Repairing the torn fabric of democracy
HALF of the democratically elected governments around the world are in decline, undermined by problems ranging from restrictions on freedom of expression to distrust in the legitimacy of elections, according to The Global State of Democracy Report 2022 — Forging Social Contracts in a Time of Discontent, published by the International Institute for Democracy and Electoral Assistance. Institutions for democratic governance need reform. Means must be found for forging social contracts in a time of discontent, the report says.
The problem with majoritarian democracy is that it is not designed to find solutions to complex problems with many points of view.
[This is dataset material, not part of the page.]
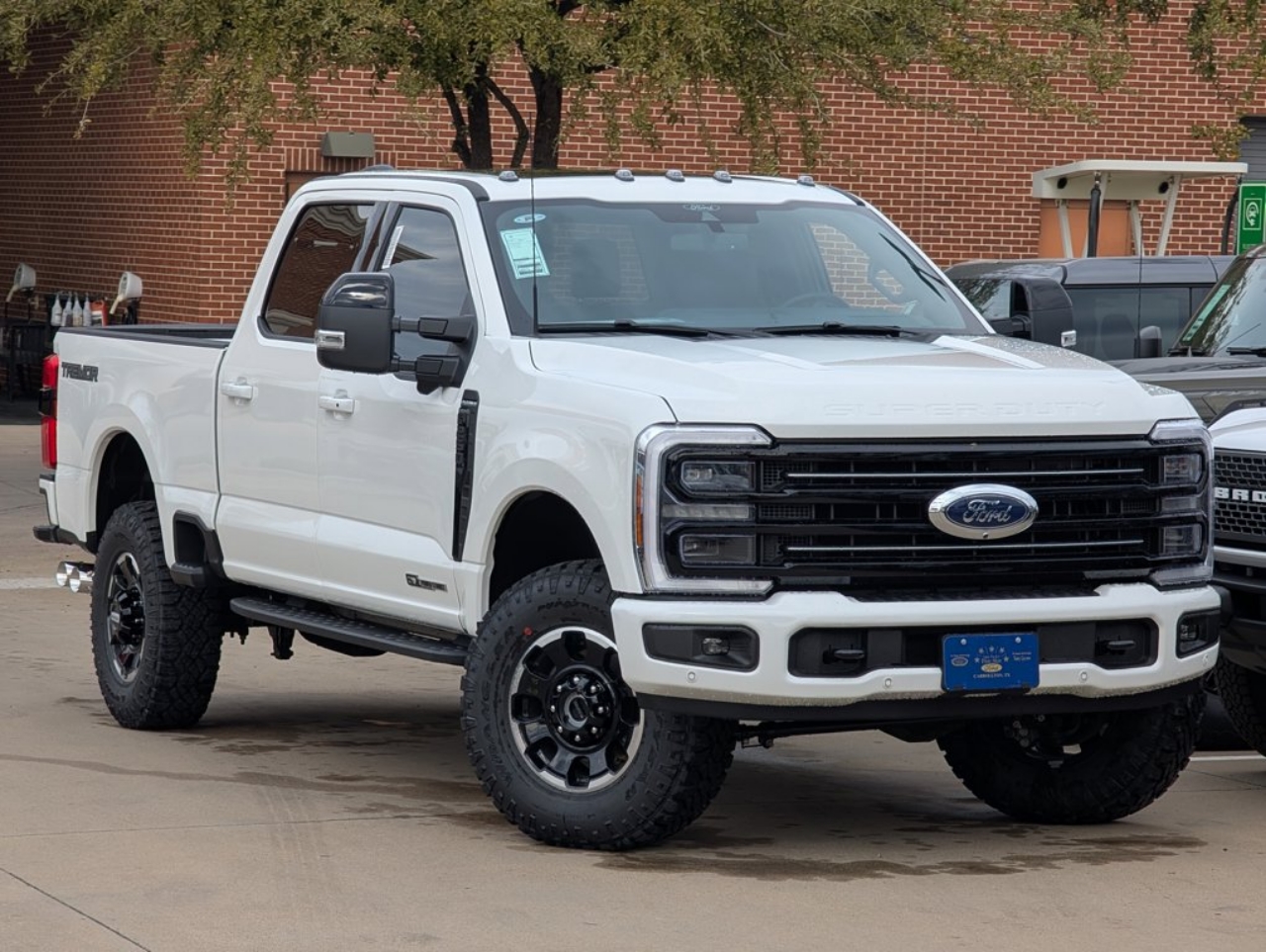 2026 Ford F-250 Super Duty Platinum's photo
A common definition of democracy is a government of the people, for the people and by the people. A government is formed of the people by vertical processes of upward representation of the people in the government and downward authority over them. A common distinction made between a ‘democratic’ and an ‘undemocratic’ government is in the method of selection of those with authority. In monarchies, power is vested in rulers by historical conventions; in dictatorships it is seized by force or stealth; in a democracy the people elect their rulers.
All governments, whether monarchies, dictatorships or democratically elected ones, are expected to deliver benefits to the people. The benefits people want are security, public infrastructure and welfare. People remember certain periods in their histories — when kings ruled well, provided peace, built public facilities, and delivered welfare — as ‘golden ages’ even when their government was not an elected one.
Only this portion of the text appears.